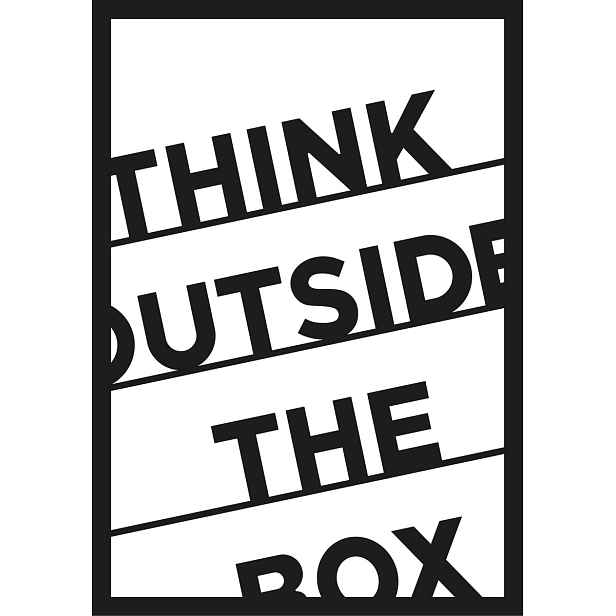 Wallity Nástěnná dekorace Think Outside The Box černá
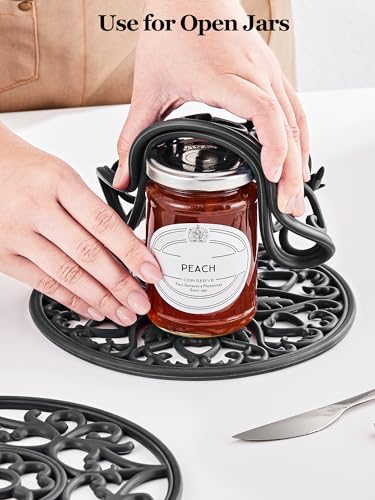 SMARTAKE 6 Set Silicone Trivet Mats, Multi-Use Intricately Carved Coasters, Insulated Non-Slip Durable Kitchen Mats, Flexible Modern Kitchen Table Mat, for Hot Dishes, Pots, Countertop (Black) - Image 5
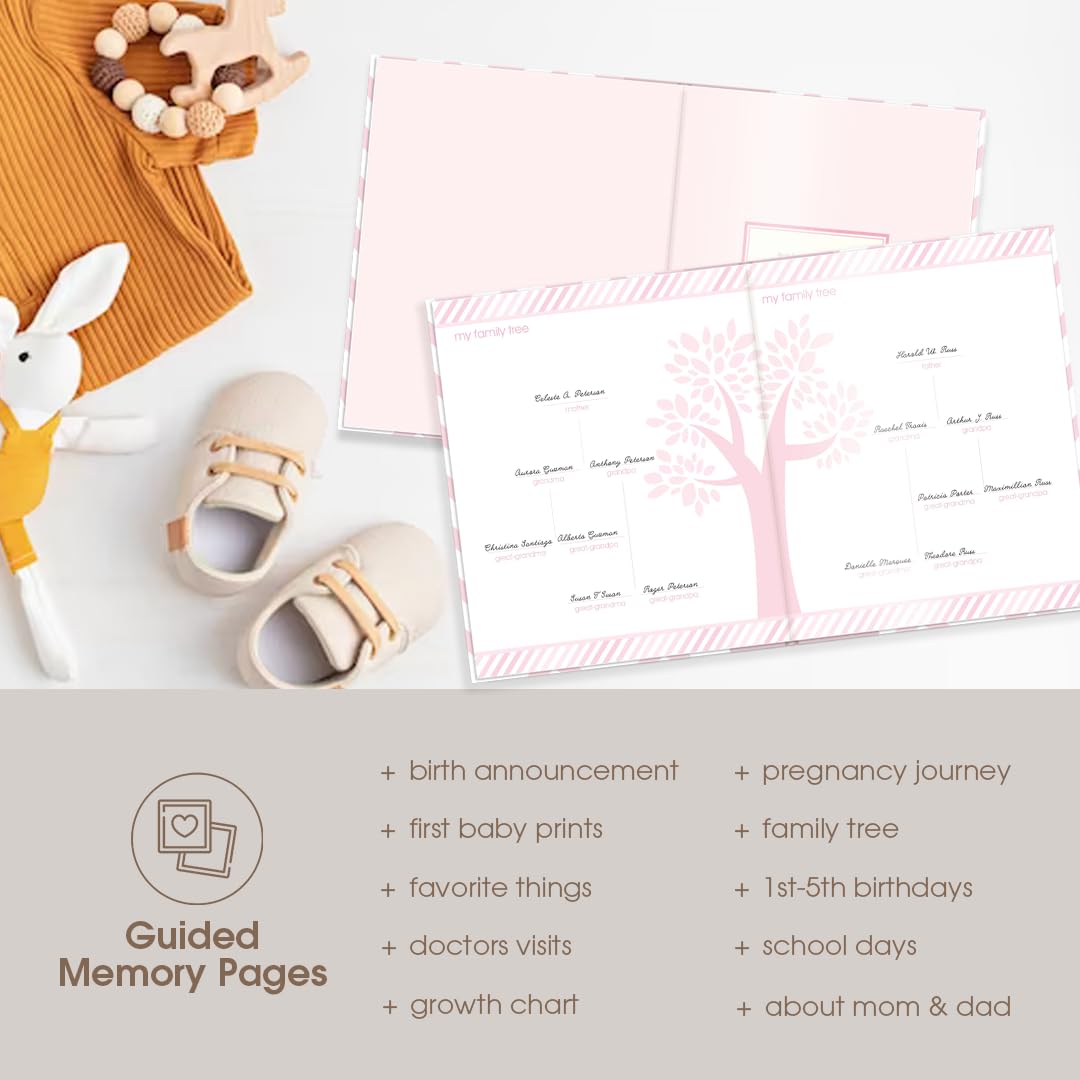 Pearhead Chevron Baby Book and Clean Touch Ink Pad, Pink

...

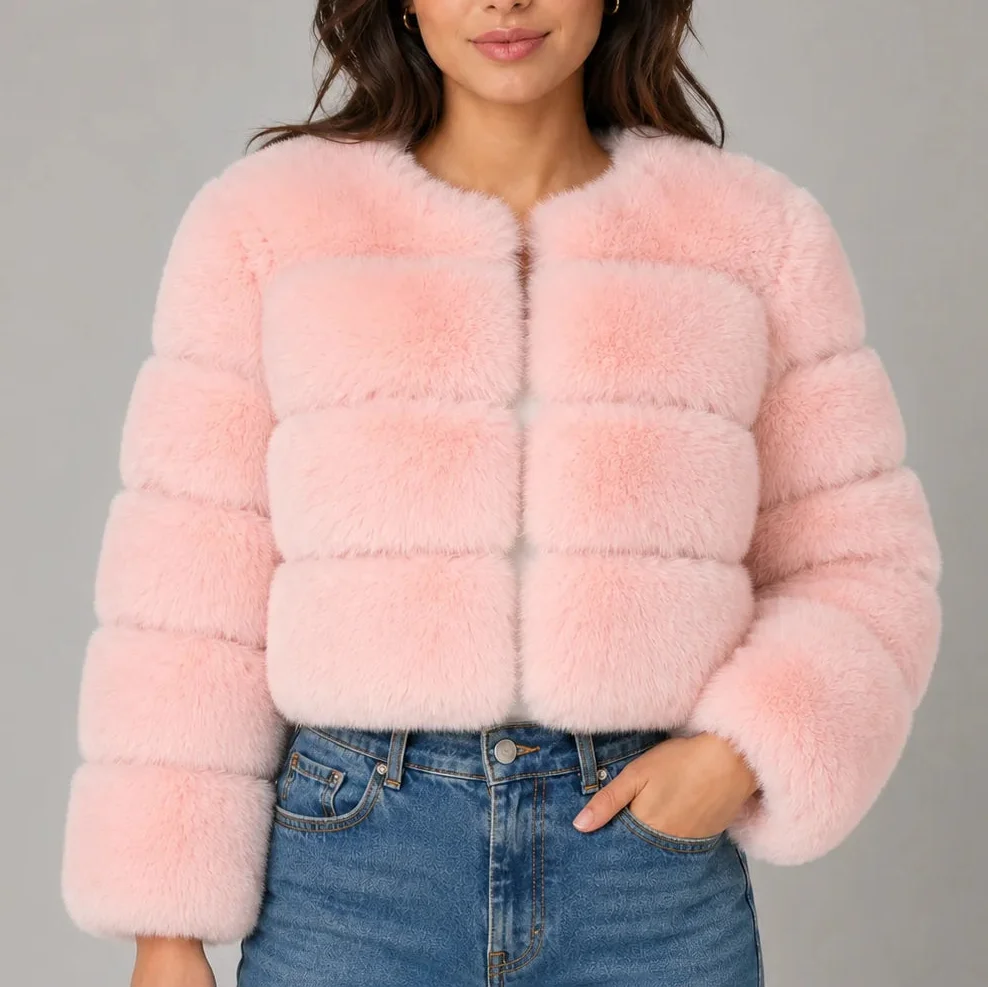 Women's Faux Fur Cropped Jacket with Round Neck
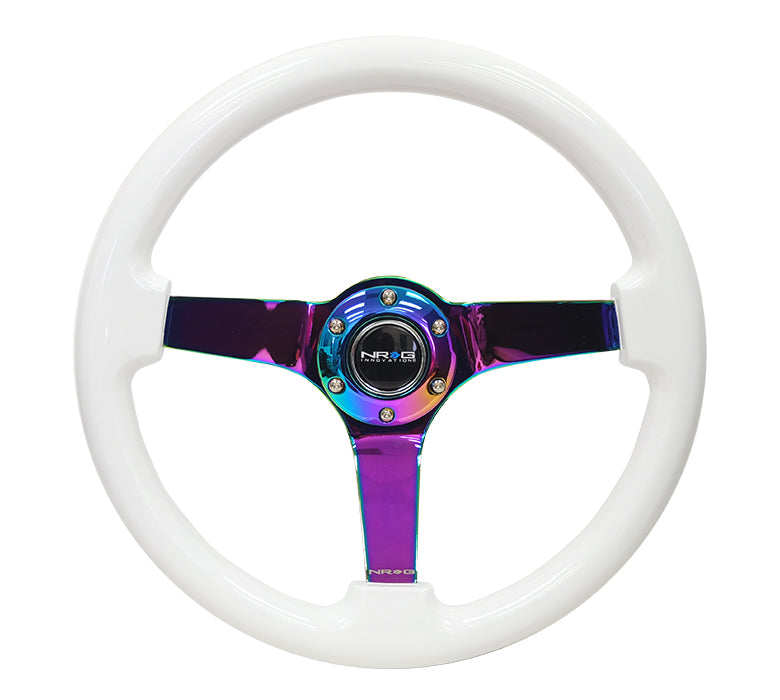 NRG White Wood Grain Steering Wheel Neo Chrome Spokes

▶ _Task statement_
Reproduce the listing above from the line that holds "Wallity Nástěnná dekorace" through the line that holds "Pearhead Chevron Baby", both included, with the pictures left out.

▶ _Answer to the problem_
 Wallity Nástěnná dekorace Think Outside The Box černá
 SMARTAKE 6 Set Silicone Trivet Mats, Multi-Use Intricately Carved Coasters, Insulated Non-Slip Durable Kitchen Mats, Flexible Modern Kitchen Table Mat, for Hot Dishes, Pots, Countertop (Black) - Image 5
 Pearhead Chevron Baby Book and Clean Touch Ink Pad, Pink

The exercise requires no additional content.